Son cada vez más sólidos los indicios del genocidio en marcha que sufre la población uigur de la provincia china de Xinjiang. Catorce medios internacionales, entre ellos EL PAÍS, acaban de publicar la mayor filtración de datos sobre el internamiento de centenares de miles de ciudadanos en campos de reeducación, donde se los somete a una dura disciplina carcelaria, torturas, malos tratos y técnicas de lavado de cerebro. Esta documentación tiene su origen en los archivos policiales chinos y permite identificar la finalidad del internamiento, que Chen Quanguo, máximo responsable político de la región, ha definido como de “cuatro rupturas” impuestas a la población uigur: con su linaje familiar, sus raíces colectivas, sus relaciones con la diáspora uigur e incluso su origen personal.
Las autoridades chinas se escudan en la lucha contra el terrorismo, la radicalización religiosa y el separatismo, pero el internamiento, en ocasiones de familias enteras, no responde a imputaciones de delitos ni siquiera de opiniones, sino a la presunción de algún tipo de culpabilidad o peligrosidad a partir de la lengua, las prácticas religiosas, la vestimenta o las costumbres. El uso de las tecnologías digitales y de la videovigilancia, especialmente la identificación facial, han facilitado el carácter sistemático de una colosal operación para modificar la cultura y la identidad de una colectividad entera.

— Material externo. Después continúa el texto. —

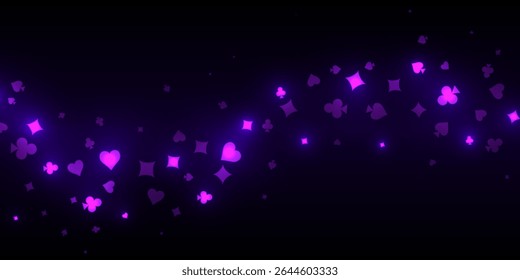 Fundo do casino. Queda roxo brilhante cartas de jogo no fundo preto. Espumantes de coração, paus, diamantes e espadas no escuro. Conceito de jogo online. Ilustração de vetor abstrato VIP.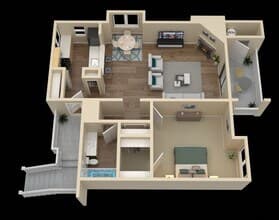 1 Bedroom / 1 Bath 109 floor plan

Si al internamiento masivo se suma la inmigración forzosa a la región de ciudadanos chinos de etnia han, que constituyen ya la mitad del censo, se entenderá que buen número de gobiernos, parlamentos y organismos internacionales consideren que la operación china se aproxima a la definición del crimen de genocidio establecida por la convención de Naciones Unidas. Es decir, un intento de destruir un entero grupo nacional, étnico, racial o religioso mediante la muerte de sus miembros, daños corporales o mentales, castigos calculados para llevar a su desaparición, medidas de control de nacimientos o la organización de la adopción de sus niños por otros grupos étnicos. Un aberrante programa de exterminio.
Esta es la segunda, mayor y más detallada oleada de informaciones sobre el proyecto de aniquilación de la población uigur, cuya difusión coincide con la visita a Xinjiang de la alta comisaria de Naciones Unidas para los Derechos Humanos, Michelle Bachelet. En 2019, EL PAÍS ya publicó, también junto a otros 16 medios internacionales, la primera investigación internacional sobre este gulag tecnológico, mucho más eficaz y sistemático de lo que fueron los campos de internamiento o gulag de la época soviética. El régimen comunista chino ha sabido aprovechar la guerra global contra el terror surgida tras los atentados del 11-S para maquillar una operación continuista de los campos de reeducación e internamiento de la época maoísta. Aparece como directamente comprometido en la operación el propio Xi Jinping, que ya ha rechazado las imputaciones ante Bachelet, atribuyéndolas a una arrogante visión occidental.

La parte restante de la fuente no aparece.